Background: Integrons are known as mobile genetic elements (MGEs) with their own effects on transferring antibiotic resistance genes among bacteria. Objectives: The main purpose of this study was to determine the frequency of class I and II integrons in methicillin-resistant Staphylococcus aureus (MRSA) and methicillin-sensitive Staphylococcus aureus (MSSA) isolates in the city of Kermanshah, Iran. Methods: In this descriptive cross-sectional study, 86 isolates of S. aureus were collected and verified using specific biochemical tests, and then examined for antibiotic susceptibility by the Kirby-Bauer disc diffusion method. The frequency of class I and II integrons was also determined by polymerase chain reaction (PCR) and specific primers.

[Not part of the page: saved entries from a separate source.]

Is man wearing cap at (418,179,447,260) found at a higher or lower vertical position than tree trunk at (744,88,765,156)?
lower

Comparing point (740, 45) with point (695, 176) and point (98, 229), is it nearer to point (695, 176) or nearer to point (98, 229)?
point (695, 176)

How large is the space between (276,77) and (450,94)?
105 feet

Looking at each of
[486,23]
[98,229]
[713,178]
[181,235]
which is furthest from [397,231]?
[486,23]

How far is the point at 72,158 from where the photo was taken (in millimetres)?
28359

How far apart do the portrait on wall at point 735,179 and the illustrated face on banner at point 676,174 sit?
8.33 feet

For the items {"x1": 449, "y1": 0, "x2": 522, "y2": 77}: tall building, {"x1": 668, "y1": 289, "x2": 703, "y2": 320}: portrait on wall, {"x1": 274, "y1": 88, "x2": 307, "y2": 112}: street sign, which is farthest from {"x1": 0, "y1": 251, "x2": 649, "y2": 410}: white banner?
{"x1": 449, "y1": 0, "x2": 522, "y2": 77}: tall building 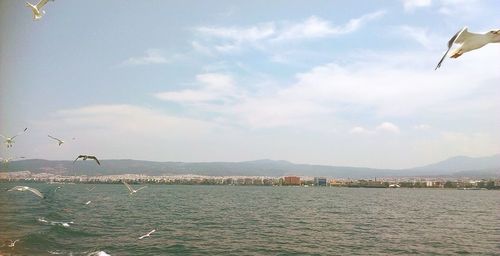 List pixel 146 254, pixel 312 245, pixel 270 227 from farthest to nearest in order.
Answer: pixel 270 227 < pixel 312 245 < pixel 146 254

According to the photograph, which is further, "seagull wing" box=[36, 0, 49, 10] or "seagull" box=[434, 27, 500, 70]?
"seagull wing" box=[36, 0, 49, 10]

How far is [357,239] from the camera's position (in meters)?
34.3

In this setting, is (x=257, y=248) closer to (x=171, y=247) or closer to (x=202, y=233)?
(x=171, y=247)

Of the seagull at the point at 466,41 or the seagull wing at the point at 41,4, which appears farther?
the seagull wing at the point at 41,4

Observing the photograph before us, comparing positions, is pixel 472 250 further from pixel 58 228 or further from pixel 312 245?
pixel 58 228

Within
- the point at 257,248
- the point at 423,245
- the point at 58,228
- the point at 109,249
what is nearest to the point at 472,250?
the point at 423,245

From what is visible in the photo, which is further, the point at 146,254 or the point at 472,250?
the point at 472,250

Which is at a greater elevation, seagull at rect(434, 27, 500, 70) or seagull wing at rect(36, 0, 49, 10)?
seagull wing at rect(36, 0, 49, 10)

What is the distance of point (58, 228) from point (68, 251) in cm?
1108

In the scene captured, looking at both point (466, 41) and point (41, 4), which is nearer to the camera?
point (466, 41)

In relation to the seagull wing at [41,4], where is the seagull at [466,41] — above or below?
below

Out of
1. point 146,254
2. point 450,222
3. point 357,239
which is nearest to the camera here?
point 146,254

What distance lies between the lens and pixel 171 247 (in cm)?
2900

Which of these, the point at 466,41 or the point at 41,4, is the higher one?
the point at 41,4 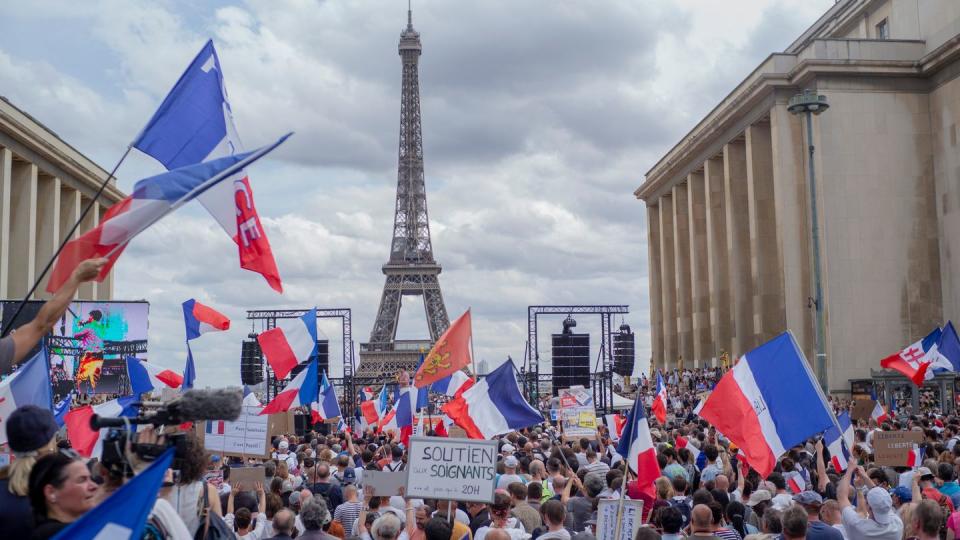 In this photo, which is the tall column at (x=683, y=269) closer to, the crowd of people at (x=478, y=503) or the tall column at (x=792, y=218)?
the tall column at (x=792, y=218)

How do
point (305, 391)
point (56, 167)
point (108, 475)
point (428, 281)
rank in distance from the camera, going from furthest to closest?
point (428, 281)
point (56, 167)
point (305, 391)
point (108, 475)

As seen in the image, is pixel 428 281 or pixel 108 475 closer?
pixel 108 475

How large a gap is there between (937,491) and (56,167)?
56.4 metres

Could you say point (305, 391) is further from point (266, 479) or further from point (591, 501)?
point (591, 501)

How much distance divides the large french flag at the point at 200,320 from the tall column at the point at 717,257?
134 feet

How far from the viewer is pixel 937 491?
10.8m

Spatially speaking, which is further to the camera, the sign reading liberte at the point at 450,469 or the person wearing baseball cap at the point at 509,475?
the person wearing baseball cap at the point at 509,475

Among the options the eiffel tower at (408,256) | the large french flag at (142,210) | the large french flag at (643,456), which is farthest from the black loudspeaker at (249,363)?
the eiffel tower at (408,256)

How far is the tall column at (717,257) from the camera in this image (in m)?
57.6

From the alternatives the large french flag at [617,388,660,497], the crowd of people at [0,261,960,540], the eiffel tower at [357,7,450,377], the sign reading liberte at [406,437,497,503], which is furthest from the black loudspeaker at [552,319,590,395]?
the eiffel tower at [357,7,450,377]

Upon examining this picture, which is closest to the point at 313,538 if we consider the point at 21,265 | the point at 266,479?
the point at 266,479

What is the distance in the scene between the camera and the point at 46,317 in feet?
17.1

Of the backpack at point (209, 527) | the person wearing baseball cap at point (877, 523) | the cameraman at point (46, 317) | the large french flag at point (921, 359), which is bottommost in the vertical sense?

Results: The frequency percentages of class I and II integrons were 47.7% (n = 41 isolates) and 17.4% (n = 15 isolates), respectively. A statistically significant relationship was observed between the frequency of class I and II integrons and resistance to some antibiotics (P < 0.05). In the MRSA isolates, the most antibiotic resistance was to penicillin (100%) and gentamicin (80%) and the most antibiotic sensitivity was to vancomycin (100%) and linezolid (96.5%). Conclusions: Due to the frequency of the integrons in resistant strains of S. aureus, as well as the possibility of rapid transfer of these agents among the isolates, we are in dire need of continuous monitoring of resistance patterns and selection of appropriate antibiotics using the phenotypic and genotypic resistance measurements taken by hospital laboratories to reduce and control antibiotic resistance.